George W. Bush’s political adviser Karl Rove claims “one of the biggest mistakes” of that presidency was not aggressively challenging critics who charged that Bush “lied” to the American people about the reasons for the Iraq War, an accusation that Rove insists was false and unfair.

In his forthcoming book, Courage and Consequence, Rove calls the “lie” charge “a poison-tipped dagger aimed at the heart of the Bush presidency” and blames himself for “a weak response” that underestimated “how damaging this assault was.”

But the problem with Rove’s account is that not only did Bush oversee the twisting of intelligence to justify invading Iraq in March 2003 but he subsequently lied – and lied repeatedly – about how Iraq had responded to United Nations inspection demands.
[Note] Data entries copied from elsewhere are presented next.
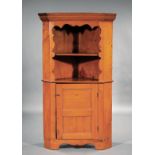American Federal Carved Cherrywood Corner Cabinet , early 19th c., stepped cornice, upper section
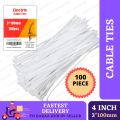 Hazi Electrical Cable Tie | 4 Inch Cable | Tie 3 x 100 mm  100 Pcs Per Pack | Nylon Plastic Tie. 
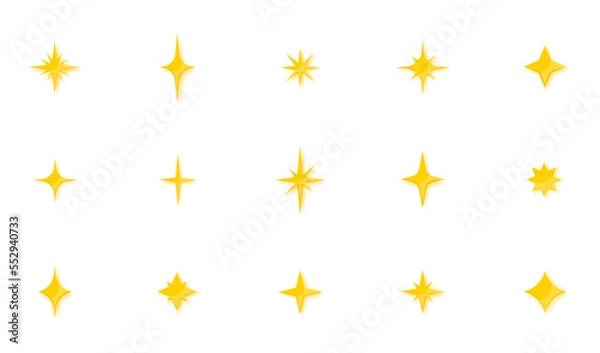 Fototapeta Set of twinkling stars. Collection of stars and bursts with glowing light effect. Bright fireworks, decoration flicker, brilliant flash. Twinkling stars. Vector illustration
So, while it may be impossible to say for certain what Bush believed about Iraq possessing weapons of mass destruction, it can’t be argued that Bush didn’t know that Iraq declared that it had destroyed its WMD stockpiles and let U.N. inspectors in to see for themselves in the months before the invasion.
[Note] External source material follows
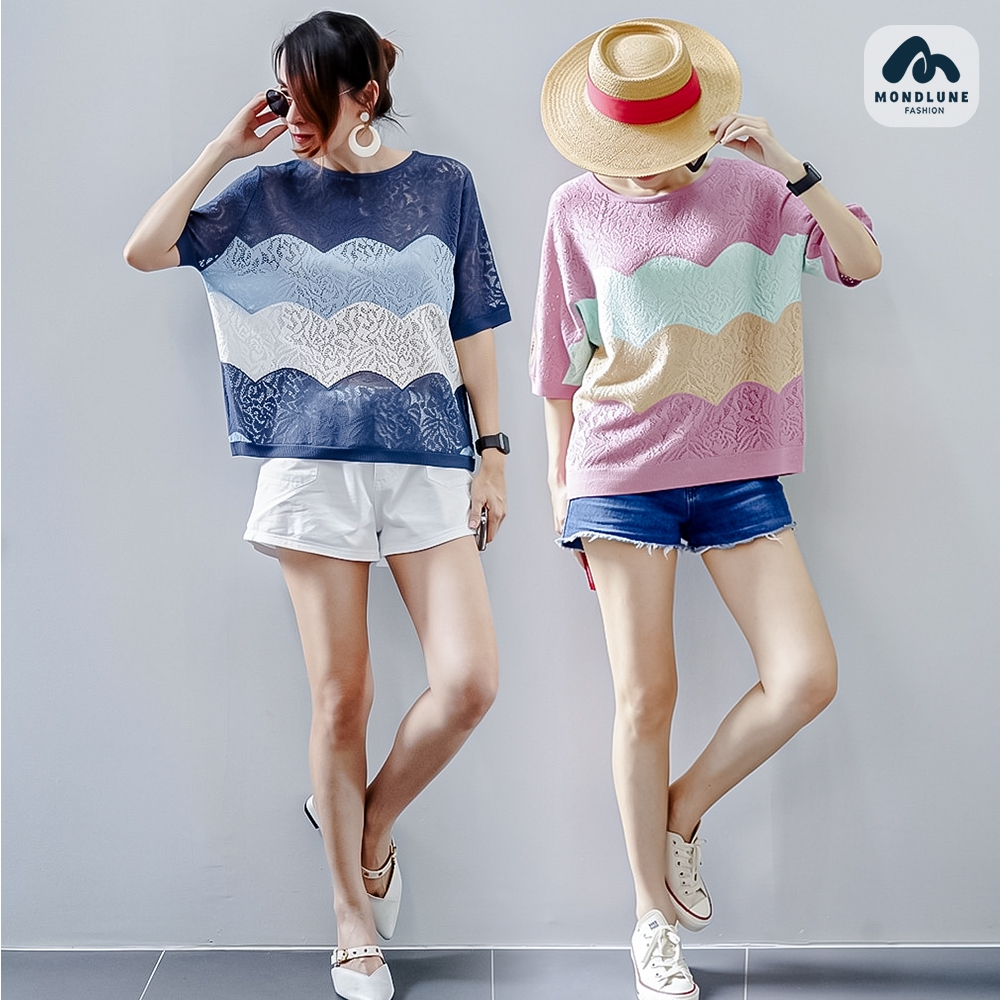 #1288 MondLune เสื้อเบลาส์คอกลมคาร์ดิแกน แขนสั้นในตัว ผ้าไหมพรมบาง ทอลายสลับสี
Nevertheless, Bush followed up his false pre-war claims about Iraq’s WMD with a post-invasion insistence that Iraqi leader Saddam Hussein had barred U.N. inspectors from his country, a decision that Bush said left him no choice but to invade. Bush began reciting this faux history just months after the invasion and continued the tall tale until the end of his presidency more than five years later.

Tellingly, throughout that period, as Bush blithely lied about the Iraq War history, he was never challenged to his face by the mainstream U.S. journalists who politely listened to the lies. Indeed, some big-name journalists even adopted Bush’s false narrative as their own.

Now, it appears Rove is intent on rehabilitating Bush’s record by insisting that the ex-President never lied at all. The historical record, however, is clear: Hussein and other Iraqi officials did say they no longer possessed WMD and they did let UN arms inspectors into Iraq in the fall of 2002 to search any site of their choosing.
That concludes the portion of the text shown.